Kings County Supervisor Joe Neves guided his pickup to a stop next to a long line of chain-link fencing. On one side of a gravel road stood row after row of glinting solar panels. The automated mirrors pivot and turn, following the sun in its daily path across the Central Valley sky.
Neves, a big man with a wispy Santa Claus beard, was showing off the county’s newest mega solar power project, still under construction on 1,600 acres. A state-of-the-art facility, it includes powerful batteries to store and deliver power after the sun sets.
This solar plant in King County is one of the scores of new renewable energy puzzle pieces across the state considered vital to California’s transition to cleaner electricity and its pursuit of climate change solutions.
Rural California counties like Kings — with lots of land, sunshine and wind — are the focal point for many of these projects. Now they are at the epicenter of a statewide controversy, too.
Last month, Gov. Gavin Newsom pressured lawmakers to approve an energy plan that aimed to expedite and streamline construction of new clean energy facilities. Included is a controversial clause that lets developers bypass local permitting and instead turn to the California Energy Commission for fast-track approval.

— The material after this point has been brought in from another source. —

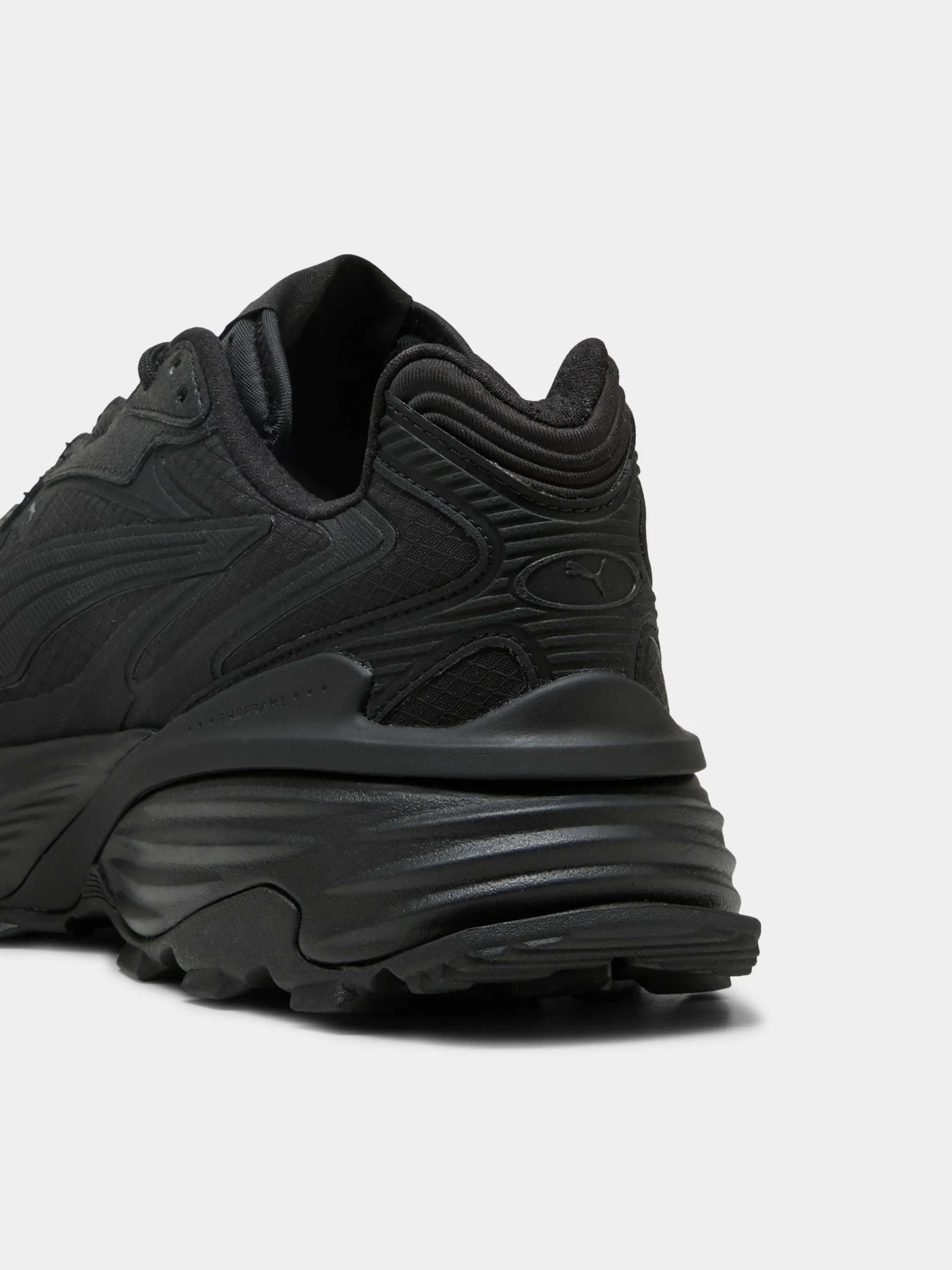 Кросівки PUMA Fade Nitro Ripstop Tr модель 406359 Кросівки PUMA Fade Nitro Ripstop Tr модель 406359 Фото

The new strategy is an end run around local authorities who sometimes balk at allowing wind and solar facilities in their own backyards.
But if Newsom sees small, rural counties as impediments, Kings County begs to differ. Neves and other local officials have been busily opening up their county to solar projects for more than a dozen years.
Far from scoffing at the idea of renewable energy, some Kings County farmers have embraced solar generation as a profitable problem solver – they get paid for the use of their barren land and can transfer the water to higher-value crops.
Whatever the intent of the new law, Kings County doesn’t think it’s the problem: Most projects in the county’s 40,000-acre solar zone receive approval in less than six months — in some cases in six weeks, county officials say.
“We are not unsophisticated, we know what we are doing,” Neves said. “We planned for this. We can see the future.”
Across the state, local officials were miffed at state officials for being excluded from the discussion as the law was being crafted behind closed doors in late June, then piqued again after it passed the Legislature and was signed by Newsom, meaning they no longer had the final say-so for projects in their counties.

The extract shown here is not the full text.